Patrick Berry’s Wall Street Journal Saturday Puzzle, “Telescopes”
Mea culpa for last week—my browser took me to page 2 of the WSJ puzzles, and I mixed up September and October and somehow decided that the most recent puzzle posted was the regular Friday one and the Saturday one wasn’t up, but in fact it was, right at the top of page 1. I have the 10/6 Hex cryptic printed out, but that’s as far as I’ve gotten.
I love the way this week’s puzzle plays out its endgame, with the telescoped letters that are shared by two adjacent answers forming a constellation of letters that spell out a brilliant quote from Arthur C. Clarke: “I don’t believe in astrology. I’m a Sagittarius and we’re skeptical.” Ha!

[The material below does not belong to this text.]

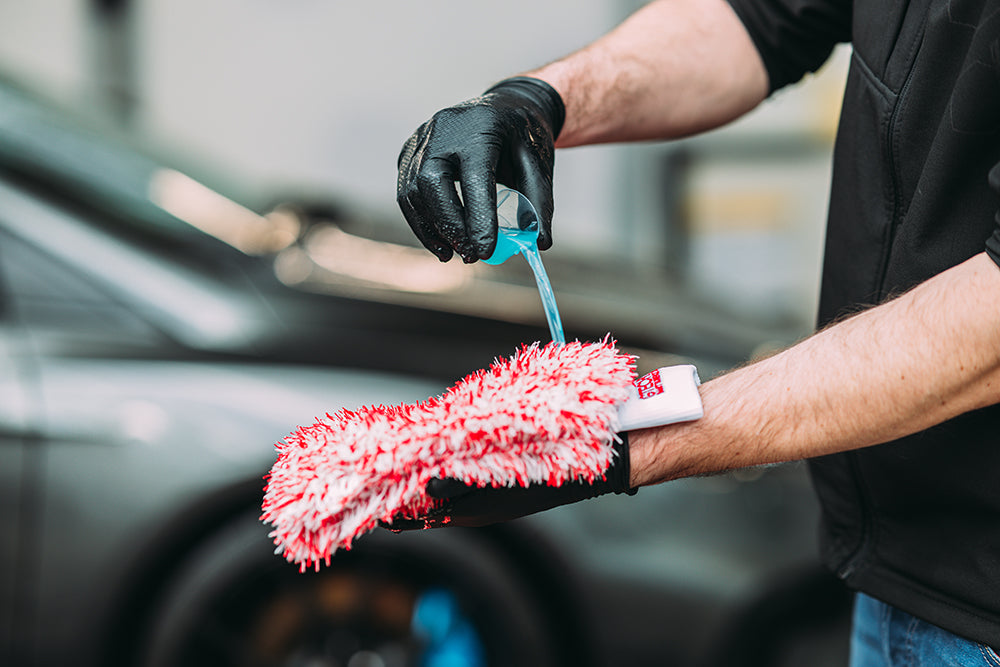 Gtechniq Ceramic G-Wash - 500 ml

The fill in the grid tends to be shorter, more pedestrian material rather than the sorts of long phrases Berry spoils us with in his Rows Gardens. When Row 1 is PEGS/RA(ID)/(ID)ES/CASKS, there is less joy in the process of teasing out answers from the clues.
I started solving this puzzle before I’d read the instructions, but Row 1 quickly revealed that it didn’t have enough squares for its four answers, so I was then reminded to look at the instructions. Note to self: glance at instructions before solving.
4.5 stars. It is a mystery how Patrick Berry managed to break a quote into 1- to 3-letter chunks, put them in a grid with certain Across words overlapping by those letters and no others, and have ordinary Down answers intersecting the whole shebang.
I’m amazed that my Quick & Dirty Index puts this as Easy. Another Whupper for me. I agree that much depends on when you see the light re Apple. I carefully noted that it was capitalized, but that didn’t help, especially with MC right there in the middle… Evil.
I found the SE easy, and everything else was a struggle– every corner, practically every letter. e.g. BLOOD DONOR? no ORGAN DONOR, no, ah, SPERM DONOR… My fingers are bleeding…
PS. I still don’t get that SECRET SANTA clue…
“Company’s present occasion” would be an opportunity to play Secret Santa for someone you work with by surprising them with a gift or gifts in December. Sometimes names are drawn out of a hat, and you keep the person you are treating to goodies a secret.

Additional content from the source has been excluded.